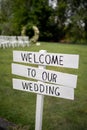 Wedding ceremony sign. Welcome to our wedding. Outside wedding decorations. Royalty Free Stock Photo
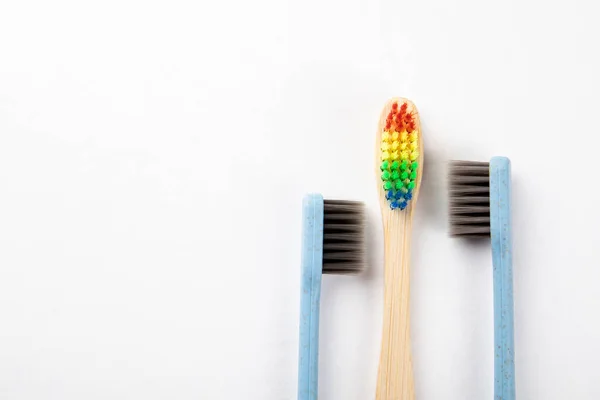 Three toothbrushes on a white background. Relationships, choices, sexual health and equality concept — Stock Photo, Image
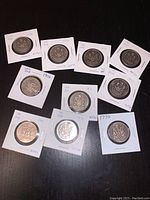 Eleven Canadian 50 cent coins from the 1970s housed in individual coin holders displayed on a black surface.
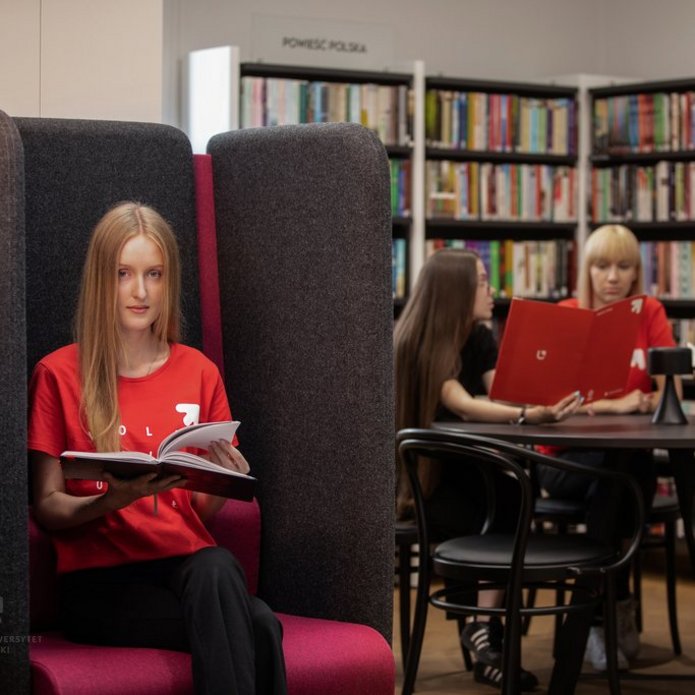 studenci w czytelni, jedna dziewczyna siedzi w fotelu, 3 osoby przy stole
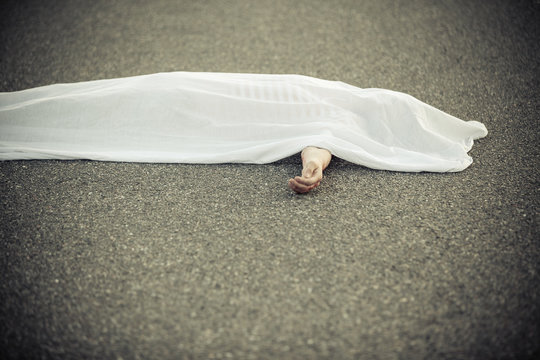 Dead body covered with sheet and hand sticking out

Work order
Find the line with "studenci w czytelni, jedna". Return it and each line after it through the end of the data, exactly, without pictures.

Reply
 studenci w czytelni, jedna dziewczyna siedzi w fotelu, 3 osoby przy stole
 Dead body covered with sheet and hand sticking out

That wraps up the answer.